Hukukun üstünlüğü ilkesine dayalı demokratik bir düzenin temel taşlarından biri, bireylerin ve toplumsal grupların haklarını eleştirel boyutta algılamaları, içselleştirmeleri ve bu haklarını hem kendi yaşamlarında, hem de toplumda gerekli olan değişime önayak olmak amacıyla kullanabilmeleridir.
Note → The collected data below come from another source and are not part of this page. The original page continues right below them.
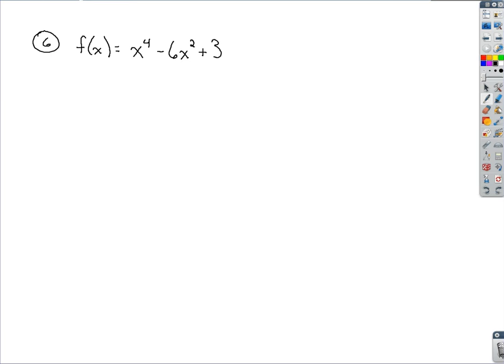The situation presented in this problem is we need to find, with this function, where it is concave up or concave down, and also find any points of inflection. In order to do that, we're going to have to incorporate the second derivative.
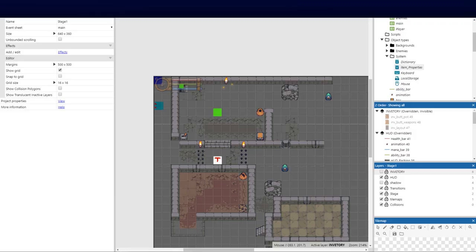Welcome back to part 17 of this top-down Construct 3 RPG series. We've made some good progress and today we're going to be tackling the big one — the inventory. I might break this up into two videos, but let's see how we go.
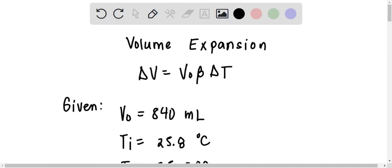When materials are heated, they expand and so their volume increases. The change in volume of the material is solved as V₀ times beta times ΔT.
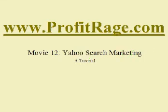ProfitRage.com. This is the 12th video in a series of movies that shows you exactly how to make money online.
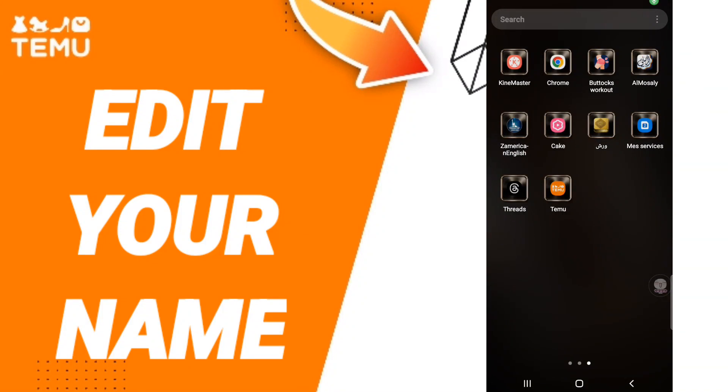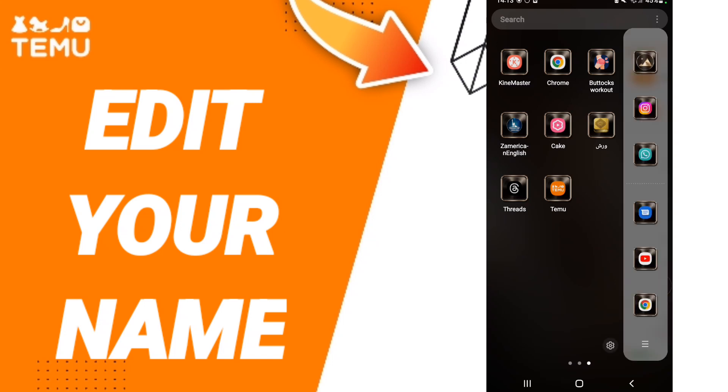Hi everyone, today we will talk about how to edit your name on the application of Timo. To know how to edit your name on Timo, you should just go to the app.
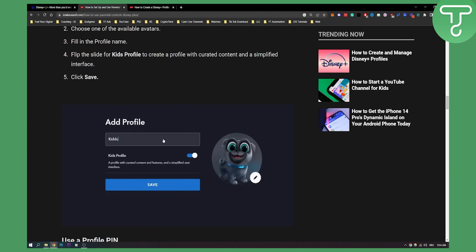And other than that, you don't really have to manage a lot with kid's profile on Disney+. You just have to have a PIN on your other accounts and make sure that your profile for the kid is unlocked and it's kid's profile. That's basically it. So that's basically how it works and how to create and manage a kid's profile on Disney+.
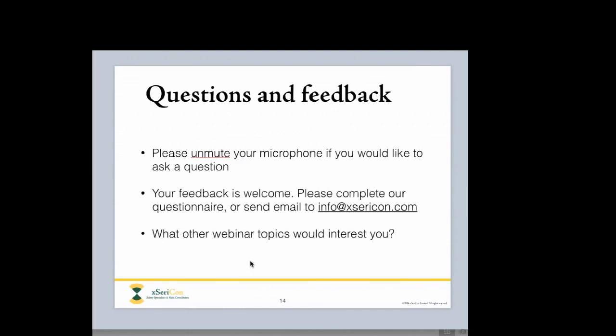We are done. Thank you very much for your attention. Questions are welcome — please unmute and ask, or email us afterwards; the address is on screen. We'll also send a questionnaire asking for your thoughts and what future topics you'd be interested in. This is already at least the fifth in our webinar series, and we hope to continue. We want it to be useful to you, so let us know what other topics you'd like covered.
Kadının İnsan Hakları Derneği, kadınların insan haklarının gelişitirilmesine yönelik yasal değişikliklerin ve uygulamaların gerçekleşmesini sağlamak amacıyla, ulusal ve uluslararası düzeylerde, baskı grupları oluşturur ve eylem kampanyaları düzenler. Ulusal ve uluslararası karar mekanizmalarını etkileme çalışmaları yürütmek, yani sadece tepki göstermekle sınırlı kalmadan kendi alternatiflerimizi oluşturup kabul ettirmeyi hedeflemek ulusal ve uluslararası düzeyde ayrımcı olmayan, kadınların insan haklarını koruyan yasal bir çerçevenin oluşturulması ve devamı için kullandığımız çalışma yöntemlerimiz arasında önemli bir yer tutmaktadır. Bunu bir yandan kararları alan mekanizma ve kişilerle doğrudan ilişkiye geçerek, bir yandan basın, radyo ve televizyonlar kanalıyla kamuoyu yaratarak, baskı grupları oluşturup diğer örgütlerle birlikte kampanyalar düzenleyerek, bir yandan da yayınlar, broşürler, tartışma ve araştırmalar yoluyla savlarımızı destekleyip yaygınlaştırarak yapıyoruz.

Uluslararası sözleşmelerde alınan kararlar ve atılan imzalar, diğer ülkelerde elde edilmiş kazanımlar bu çalışmalarımızın önemli dayanakları arasında yer alıyor. Hükümetlerin girdikleri taahhütlerin zaman ve gerçekleşme açılarından ölçülebilir kriterlere bağlanmasının önemi ulusal alanda yürüttüğümüz çalışmalarda kendisini açıkça ortaya koyuyor. Bunun yanı sıra, Kadının İnsan Hakları Derneği Türkiye genelinde, 4320 ailenin korunmasına dair kanun kampanyası, 2000-2001 Medeni Kanun Reformu, 2001 CEDAW protokolünün yürürlüğe sokulması, ve 2002 – 2004 Kadın Bakış Açısından TCK Kampanyası dahil birçok kampanya başlatmış ve koordine etmiştir. Bu kampanyalar içerisinde TCK Kampanyası, kadın erkek eşitliğinin sağlanması, ve kadınların ve çocukların bedensel ve cinsel haklarının yasal olarak korunabilmesi için önerdiğimiz 30′dan fazla değişikliğin kabul edilmiş olması yönüyle çok büyük bir önem teşkil ediyor.